*Study material:*
+--
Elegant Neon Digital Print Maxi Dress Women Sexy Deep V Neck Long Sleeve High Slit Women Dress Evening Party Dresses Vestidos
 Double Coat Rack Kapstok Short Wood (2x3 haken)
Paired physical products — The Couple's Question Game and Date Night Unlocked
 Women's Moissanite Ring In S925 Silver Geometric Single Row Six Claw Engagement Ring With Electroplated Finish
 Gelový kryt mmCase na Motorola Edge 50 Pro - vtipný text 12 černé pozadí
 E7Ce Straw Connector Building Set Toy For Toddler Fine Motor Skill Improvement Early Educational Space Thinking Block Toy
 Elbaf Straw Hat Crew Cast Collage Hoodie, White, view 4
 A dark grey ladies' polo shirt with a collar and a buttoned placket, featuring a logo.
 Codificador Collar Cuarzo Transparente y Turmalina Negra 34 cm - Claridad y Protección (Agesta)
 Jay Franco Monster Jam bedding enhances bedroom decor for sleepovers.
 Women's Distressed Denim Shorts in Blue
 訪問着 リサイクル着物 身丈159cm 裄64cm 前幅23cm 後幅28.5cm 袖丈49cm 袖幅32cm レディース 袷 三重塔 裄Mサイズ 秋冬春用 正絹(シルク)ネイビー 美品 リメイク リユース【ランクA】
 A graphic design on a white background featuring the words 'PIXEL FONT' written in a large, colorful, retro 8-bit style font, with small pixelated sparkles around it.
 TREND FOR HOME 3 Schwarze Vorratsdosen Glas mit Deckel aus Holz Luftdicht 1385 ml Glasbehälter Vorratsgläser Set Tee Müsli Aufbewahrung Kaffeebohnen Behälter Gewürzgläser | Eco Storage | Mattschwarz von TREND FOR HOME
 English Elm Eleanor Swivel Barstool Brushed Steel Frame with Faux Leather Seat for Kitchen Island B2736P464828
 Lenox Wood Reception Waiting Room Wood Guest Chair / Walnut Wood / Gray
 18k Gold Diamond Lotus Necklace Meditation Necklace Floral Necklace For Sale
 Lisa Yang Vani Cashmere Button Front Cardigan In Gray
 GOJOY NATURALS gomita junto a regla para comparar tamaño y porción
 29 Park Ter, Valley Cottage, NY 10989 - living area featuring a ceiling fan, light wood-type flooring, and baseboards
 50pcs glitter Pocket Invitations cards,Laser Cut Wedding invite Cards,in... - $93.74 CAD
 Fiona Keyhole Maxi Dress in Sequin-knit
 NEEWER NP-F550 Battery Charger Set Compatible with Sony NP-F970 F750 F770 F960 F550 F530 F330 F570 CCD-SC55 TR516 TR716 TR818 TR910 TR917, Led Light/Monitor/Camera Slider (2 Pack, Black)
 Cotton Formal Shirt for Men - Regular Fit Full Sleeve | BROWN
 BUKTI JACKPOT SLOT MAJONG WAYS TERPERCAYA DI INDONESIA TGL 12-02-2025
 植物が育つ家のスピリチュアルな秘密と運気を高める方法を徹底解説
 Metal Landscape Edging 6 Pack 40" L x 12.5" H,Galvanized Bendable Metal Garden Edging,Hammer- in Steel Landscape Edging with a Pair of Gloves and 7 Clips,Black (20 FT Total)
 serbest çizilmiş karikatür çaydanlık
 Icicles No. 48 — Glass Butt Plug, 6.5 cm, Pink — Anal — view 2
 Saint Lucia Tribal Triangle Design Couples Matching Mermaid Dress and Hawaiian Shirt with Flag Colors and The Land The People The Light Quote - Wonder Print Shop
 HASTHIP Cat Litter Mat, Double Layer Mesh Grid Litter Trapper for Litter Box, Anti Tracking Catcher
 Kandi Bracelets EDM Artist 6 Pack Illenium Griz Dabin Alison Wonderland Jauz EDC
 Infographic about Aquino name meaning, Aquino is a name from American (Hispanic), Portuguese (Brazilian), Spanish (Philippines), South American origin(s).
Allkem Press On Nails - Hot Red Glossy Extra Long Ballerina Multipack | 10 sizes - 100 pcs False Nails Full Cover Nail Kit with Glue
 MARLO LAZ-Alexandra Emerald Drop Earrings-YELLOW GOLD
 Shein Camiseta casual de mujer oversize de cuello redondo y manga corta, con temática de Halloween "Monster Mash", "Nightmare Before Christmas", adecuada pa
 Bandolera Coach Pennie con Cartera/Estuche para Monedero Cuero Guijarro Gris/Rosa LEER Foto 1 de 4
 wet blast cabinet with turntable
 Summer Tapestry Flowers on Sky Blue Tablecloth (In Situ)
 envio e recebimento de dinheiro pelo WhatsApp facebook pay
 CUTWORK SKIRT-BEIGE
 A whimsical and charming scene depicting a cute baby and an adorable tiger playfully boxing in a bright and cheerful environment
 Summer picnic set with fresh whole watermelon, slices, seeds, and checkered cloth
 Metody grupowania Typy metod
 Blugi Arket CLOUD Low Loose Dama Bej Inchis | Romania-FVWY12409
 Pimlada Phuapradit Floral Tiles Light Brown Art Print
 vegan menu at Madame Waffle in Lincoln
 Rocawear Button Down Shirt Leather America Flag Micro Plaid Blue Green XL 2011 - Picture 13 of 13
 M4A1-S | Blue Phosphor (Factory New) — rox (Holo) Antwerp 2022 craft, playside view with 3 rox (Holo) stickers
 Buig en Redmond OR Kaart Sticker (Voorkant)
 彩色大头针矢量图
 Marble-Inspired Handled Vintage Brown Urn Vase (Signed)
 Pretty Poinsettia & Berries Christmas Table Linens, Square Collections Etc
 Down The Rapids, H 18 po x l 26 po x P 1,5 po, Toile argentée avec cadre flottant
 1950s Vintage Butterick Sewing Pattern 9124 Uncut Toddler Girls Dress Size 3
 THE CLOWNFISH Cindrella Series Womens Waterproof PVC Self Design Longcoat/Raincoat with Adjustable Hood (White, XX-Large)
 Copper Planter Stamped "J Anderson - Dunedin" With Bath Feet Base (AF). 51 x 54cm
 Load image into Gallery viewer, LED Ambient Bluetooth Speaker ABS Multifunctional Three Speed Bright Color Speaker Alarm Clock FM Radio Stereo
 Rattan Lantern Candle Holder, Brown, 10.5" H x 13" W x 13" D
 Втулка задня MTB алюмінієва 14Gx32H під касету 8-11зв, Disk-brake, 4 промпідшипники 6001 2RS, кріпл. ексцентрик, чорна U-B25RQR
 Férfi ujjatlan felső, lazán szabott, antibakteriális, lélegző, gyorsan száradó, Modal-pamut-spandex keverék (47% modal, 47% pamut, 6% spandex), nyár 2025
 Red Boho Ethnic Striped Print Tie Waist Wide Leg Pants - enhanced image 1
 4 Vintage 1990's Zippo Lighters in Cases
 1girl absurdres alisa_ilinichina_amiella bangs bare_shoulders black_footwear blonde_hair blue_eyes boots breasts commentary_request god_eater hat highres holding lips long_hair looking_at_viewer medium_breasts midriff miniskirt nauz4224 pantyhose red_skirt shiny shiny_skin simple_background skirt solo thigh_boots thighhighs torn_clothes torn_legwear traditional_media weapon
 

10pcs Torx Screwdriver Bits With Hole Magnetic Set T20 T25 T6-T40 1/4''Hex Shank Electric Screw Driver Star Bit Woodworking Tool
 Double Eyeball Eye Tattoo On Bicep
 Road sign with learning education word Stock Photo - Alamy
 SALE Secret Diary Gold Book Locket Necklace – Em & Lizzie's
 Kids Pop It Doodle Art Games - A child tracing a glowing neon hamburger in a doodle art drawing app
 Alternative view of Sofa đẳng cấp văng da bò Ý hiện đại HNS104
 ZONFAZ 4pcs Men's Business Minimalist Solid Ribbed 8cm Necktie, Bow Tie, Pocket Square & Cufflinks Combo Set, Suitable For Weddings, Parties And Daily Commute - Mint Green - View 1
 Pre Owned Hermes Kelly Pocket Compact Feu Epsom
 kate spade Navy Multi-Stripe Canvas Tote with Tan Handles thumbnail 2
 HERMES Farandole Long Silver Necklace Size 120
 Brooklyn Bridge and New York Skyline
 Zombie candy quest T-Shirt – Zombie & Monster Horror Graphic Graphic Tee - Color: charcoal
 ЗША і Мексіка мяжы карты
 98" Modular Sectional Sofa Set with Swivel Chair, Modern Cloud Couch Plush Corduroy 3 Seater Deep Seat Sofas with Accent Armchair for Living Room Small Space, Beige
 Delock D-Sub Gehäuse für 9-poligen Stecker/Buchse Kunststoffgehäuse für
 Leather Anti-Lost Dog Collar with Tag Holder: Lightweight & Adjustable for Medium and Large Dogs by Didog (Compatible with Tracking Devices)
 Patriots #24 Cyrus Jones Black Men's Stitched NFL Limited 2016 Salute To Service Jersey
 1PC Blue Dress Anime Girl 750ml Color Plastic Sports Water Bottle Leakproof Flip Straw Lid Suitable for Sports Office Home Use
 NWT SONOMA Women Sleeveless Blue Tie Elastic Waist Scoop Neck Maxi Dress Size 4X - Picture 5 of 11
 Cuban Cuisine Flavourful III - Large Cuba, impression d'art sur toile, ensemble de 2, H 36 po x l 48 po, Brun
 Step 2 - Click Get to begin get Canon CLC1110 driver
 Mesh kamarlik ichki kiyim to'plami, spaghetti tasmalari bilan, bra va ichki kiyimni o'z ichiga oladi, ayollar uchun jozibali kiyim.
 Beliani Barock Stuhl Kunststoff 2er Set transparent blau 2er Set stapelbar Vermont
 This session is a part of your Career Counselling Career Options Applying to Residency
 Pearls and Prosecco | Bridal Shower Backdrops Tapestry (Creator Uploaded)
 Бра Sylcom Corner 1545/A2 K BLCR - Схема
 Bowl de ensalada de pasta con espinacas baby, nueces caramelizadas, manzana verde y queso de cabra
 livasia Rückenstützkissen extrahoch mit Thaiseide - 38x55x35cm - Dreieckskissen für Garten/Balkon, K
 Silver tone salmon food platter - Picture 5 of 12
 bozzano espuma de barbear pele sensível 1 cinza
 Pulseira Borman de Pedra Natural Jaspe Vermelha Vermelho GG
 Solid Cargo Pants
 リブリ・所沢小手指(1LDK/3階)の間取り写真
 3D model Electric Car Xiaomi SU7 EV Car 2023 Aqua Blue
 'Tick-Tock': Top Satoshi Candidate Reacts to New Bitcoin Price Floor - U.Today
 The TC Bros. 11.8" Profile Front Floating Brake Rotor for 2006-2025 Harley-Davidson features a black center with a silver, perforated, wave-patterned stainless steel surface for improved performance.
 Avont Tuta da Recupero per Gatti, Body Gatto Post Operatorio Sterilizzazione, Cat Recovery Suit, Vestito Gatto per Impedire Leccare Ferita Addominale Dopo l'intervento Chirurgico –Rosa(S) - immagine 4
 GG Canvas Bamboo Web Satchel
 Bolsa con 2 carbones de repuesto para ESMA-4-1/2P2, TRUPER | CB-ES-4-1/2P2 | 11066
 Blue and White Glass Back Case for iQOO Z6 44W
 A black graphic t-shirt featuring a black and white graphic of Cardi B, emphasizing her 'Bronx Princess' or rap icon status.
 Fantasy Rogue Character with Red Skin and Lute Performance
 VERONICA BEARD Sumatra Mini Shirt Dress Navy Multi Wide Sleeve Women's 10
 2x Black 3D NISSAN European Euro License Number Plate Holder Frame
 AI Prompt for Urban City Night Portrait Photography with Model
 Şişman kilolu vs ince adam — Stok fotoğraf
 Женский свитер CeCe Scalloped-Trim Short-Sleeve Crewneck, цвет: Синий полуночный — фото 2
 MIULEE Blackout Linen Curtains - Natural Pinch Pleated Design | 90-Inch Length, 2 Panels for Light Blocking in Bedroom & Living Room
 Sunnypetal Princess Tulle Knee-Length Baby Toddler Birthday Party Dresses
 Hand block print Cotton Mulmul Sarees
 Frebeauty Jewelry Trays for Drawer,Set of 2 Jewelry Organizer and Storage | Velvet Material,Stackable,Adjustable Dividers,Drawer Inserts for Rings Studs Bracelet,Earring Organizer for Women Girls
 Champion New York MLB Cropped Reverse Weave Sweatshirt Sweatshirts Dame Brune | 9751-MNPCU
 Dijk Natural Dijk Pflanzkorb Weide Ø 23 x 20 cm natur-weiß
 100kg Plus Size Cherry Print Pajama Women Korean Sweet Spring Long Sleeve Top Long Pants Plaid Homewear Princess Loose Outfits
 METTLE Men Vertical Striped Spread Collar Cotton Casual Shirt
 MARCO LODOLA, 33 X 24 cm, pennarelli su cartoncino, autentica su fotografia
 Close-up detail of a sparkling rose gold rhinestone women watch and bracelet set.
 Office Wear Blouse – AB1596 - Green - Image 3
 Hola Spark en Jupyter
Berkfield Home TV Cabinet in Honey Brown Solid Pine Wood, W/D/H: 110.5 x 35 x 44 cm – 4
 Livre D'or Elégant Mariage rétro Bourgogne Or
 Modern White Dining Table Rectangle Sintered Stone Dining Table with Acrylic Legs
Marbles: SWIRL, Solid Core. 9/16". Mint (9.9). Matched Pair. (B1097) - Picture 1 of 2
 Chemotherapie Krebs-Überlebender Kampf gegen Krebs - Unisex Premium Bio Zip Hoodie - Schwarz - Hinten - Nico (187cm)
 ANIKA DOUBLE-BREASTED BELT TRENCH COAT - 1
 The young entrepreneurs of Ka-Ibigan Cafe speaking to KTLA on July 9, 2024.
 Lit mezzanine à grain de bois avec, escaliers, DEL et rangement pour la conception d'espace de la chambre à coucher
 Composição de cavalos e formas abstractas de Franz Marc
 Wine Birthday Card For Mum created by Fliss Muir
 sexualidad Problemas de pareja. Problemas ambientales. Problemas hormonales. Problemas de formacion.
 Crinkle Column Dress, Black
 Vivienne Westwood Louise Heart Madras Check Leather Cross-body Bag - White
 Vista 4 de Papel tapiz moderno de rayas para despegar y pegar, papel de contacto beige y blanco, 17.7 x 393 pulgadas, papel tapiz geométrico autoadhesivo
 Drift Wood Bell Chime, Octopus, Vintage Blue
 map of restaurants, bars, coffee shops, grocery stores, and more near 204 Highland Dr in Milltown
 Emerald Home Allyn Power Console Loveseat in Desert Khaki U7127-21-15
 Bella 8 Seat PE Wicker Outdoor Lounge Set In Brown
+--
*Task description:*
Write out exactly the lines above between the line with "envio e recebimento" and the line with "Rattan Lantern Candle", inclusive, and nothing beyond them.

*Response:*
 envio e recebimento de dinheiro pelo WhatsApp facebook pay
 CUTWORK SKIRT-BEIGE
 A whimsical and charming scene depicting a cute baby and an adorable tiger playfully boxing in a bright and cheerful environment
 Summer picnic set with fresh whole watermelon, slices, seeds, and checkered cloth
 Metody grupowania Typy metod
 Blugi Arket CLOUD Low Loose Dama Bej Inchis | Romania-FVWY12409
 Pimlada Phuapradit Floral Tiles Light Brown Art Print
 vegan menu at Madame Waffle in Lincoln
 Rocawear Button Down Shirt Leather America Flag Micro Plaid Blue Green XL 2011 - Picture 13 of 13
 M4A1-S | Blue Phosphor (Factory New) — rox (Holo) Antwerp 2022 craft, playside view with 3 rox (Holo) stickers
 Buig en Redmond OR Kaart Sticker (Voorkant)
 彩色大头针矢量图
 Marble-Inspired Handled Vintage Brown Urn Vase (Signed)
 Pretty Poinsettia & Berries Christmas Table Linens, Square Collections Etc
 Down The Rapids, H 18 po x l 26 po x P 1,5 po, Toile argentée avec cadre flottant
 1950s Vintage Butterick Sewing Pattern 9124 Uncut Toddler Girls Dress Size 3
 THE CLOWNFISH Cindrella Series Womens Waterproof PVC Self Design Longcoat/Raincoat with Adjustable Hood (White, XX-Large)
 Copper Planter Stamped "J Anderson - Dunedin" With Bath Feet Base (AF). 51 x 54cm
 Load image into Gallery viewer, LED Ambient Bluetooth Speaker ABS Multifunctional Three Speed Bright Color Speaker Alarm Clock FM Radio Stereo
 Rattan Lantern Candle Holder, Brown, 10.5" H x 13" W x 13" D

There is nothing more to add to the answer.